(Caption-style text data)
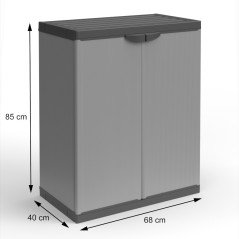 Armadio In Resina Basso Multiuso per Esterno con 2 Ante Mobiletto in Plastica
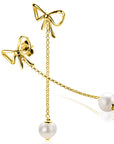 Zinzi 60mm gold plated zilveren strik oorstekers met jasseron kettinkje en zoetwaterparel ZIO2677 - PansiteNederland.nl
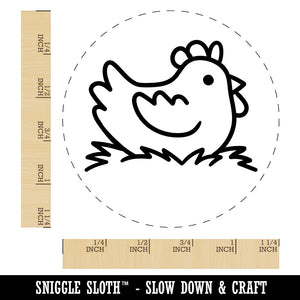 Cartoon Chicken Hen Sitting on Nest Rubber Stamp for Stamping Crafting Planners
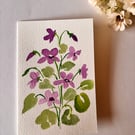 Wood violet hand painted card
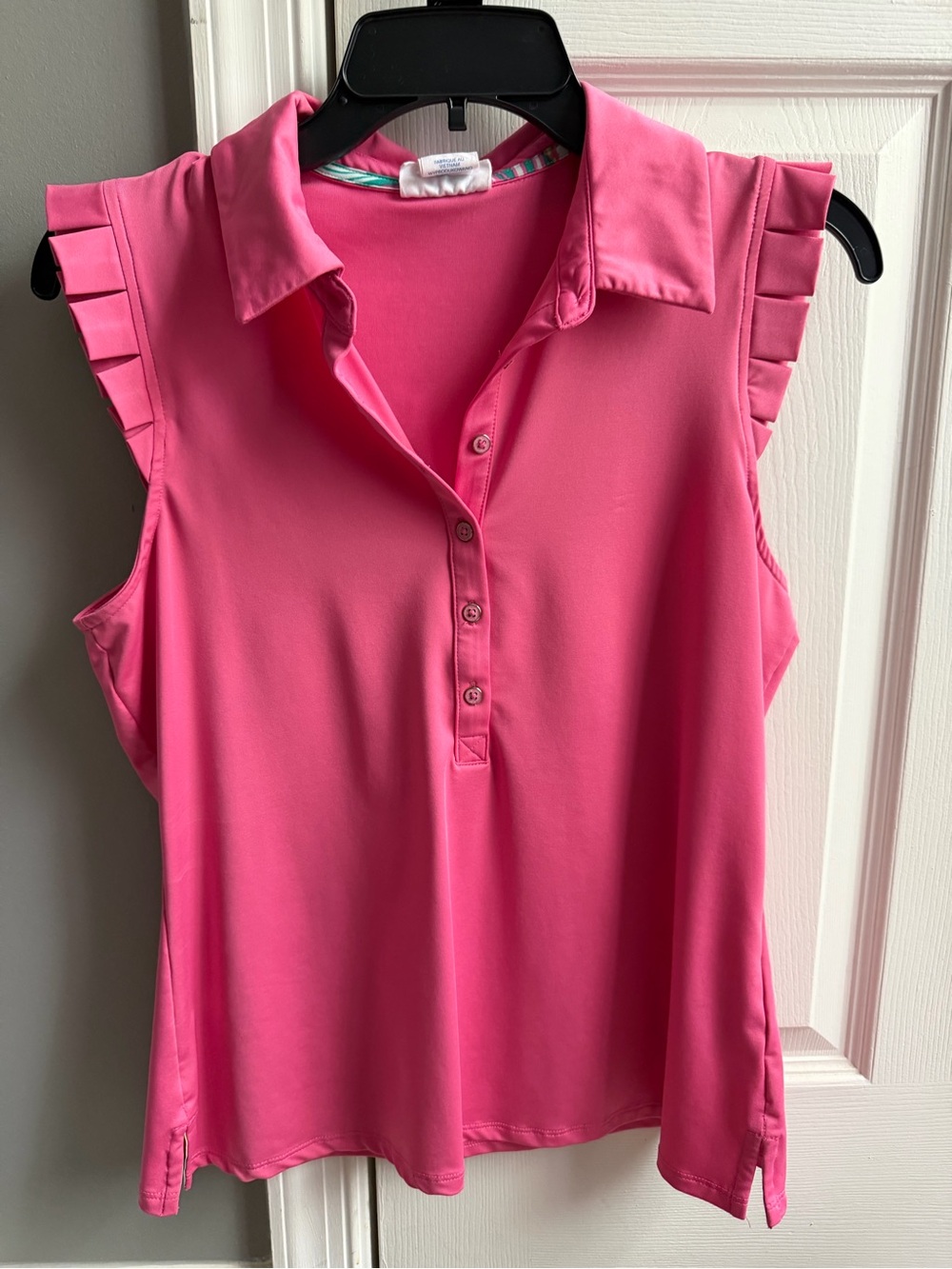Sigrid Olsen Bright Pink Ruffle-Sleeve Polo Tank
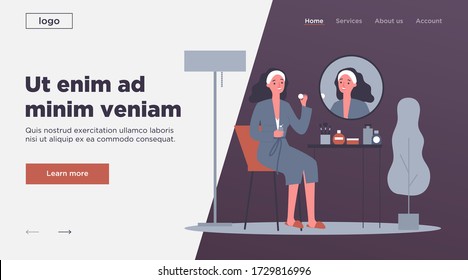 Cartoon lady in front of mirror washing face skin flat vector illustration. Young girl doing morning routine procedures for beauty. Skincare and hygiene concept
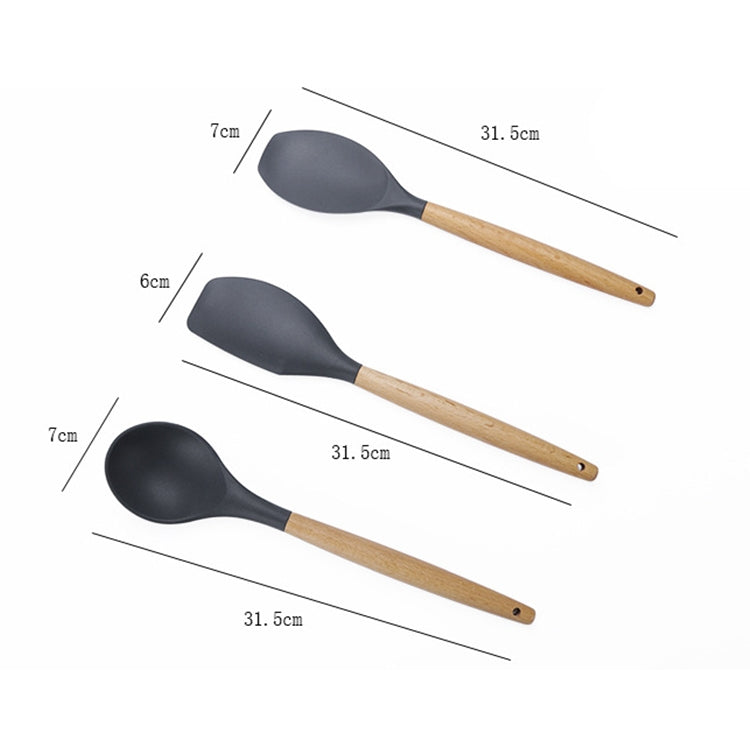 kn020 9 in 1 B Version Wooden Handle Silicone Non-stick Spatula Spoon Kitchen Tool Set, B Version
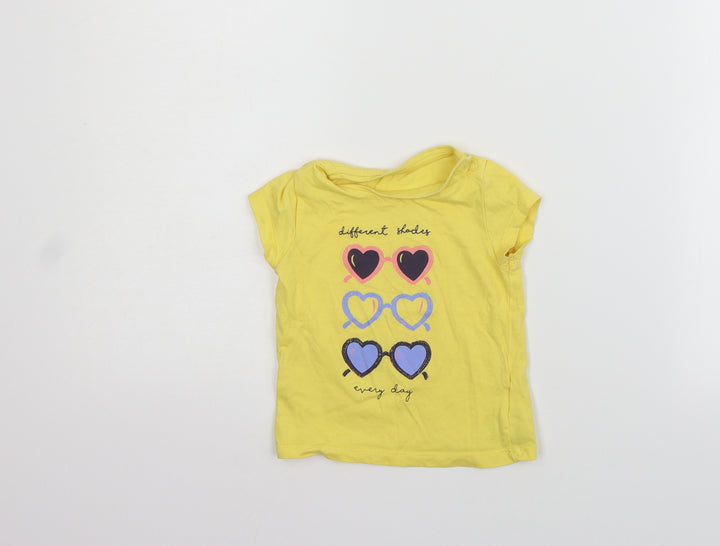 Mothercare Girls Yellow   Basic T-Shirt Size 12-18 Months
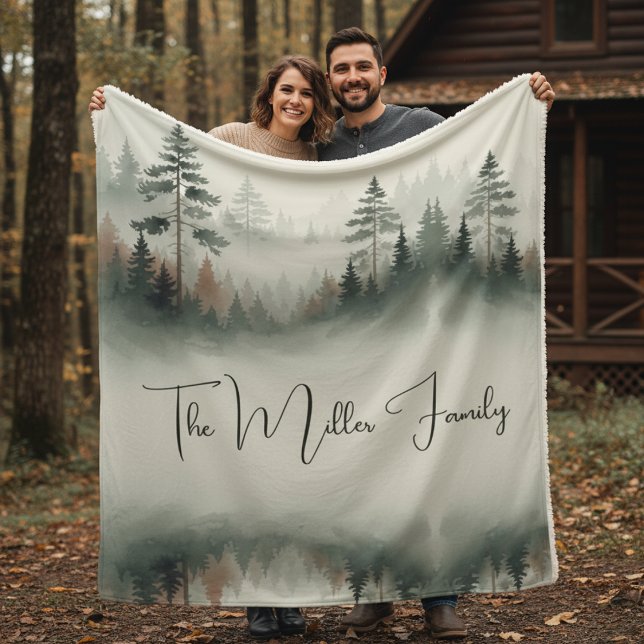 Custom Family Name - Misty Watercolor Forest  Sherpa Blanket (Creator Uploaded)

▸ **TRY IT**
Retyped exactly, the lines from the one holding "Cartoon Chicken Hen" through the last line of the data above are the whole answer. Pictures stay out.

▸ **RESULT OF THIS EXERCISE**
 Cartoon Chicken Hen Sitting on Nest Rubber Stamp for Stamping Crafting Planners
 Wood violet hand painted card
Sigrid Olsen Bright Pink Ruffle-Sleeve Polo Tank
 Cartoon lady in front of mirror washing face skin flat vector illustration. Young girl doing morning routine procedures for beauty. Skincare and hygiene concept
 kn020 9 in 1 B Version Wooden Handle Silicone Non-stick Spatula Spoon Kitchen Tool Set, B Version
 Mothercare Girls Yellow   Basic T-Shirt Size 12-18 Months
 Custom Family Name - Misty Watercolor Forest  Sherpa Blanket (Creator Uploaded)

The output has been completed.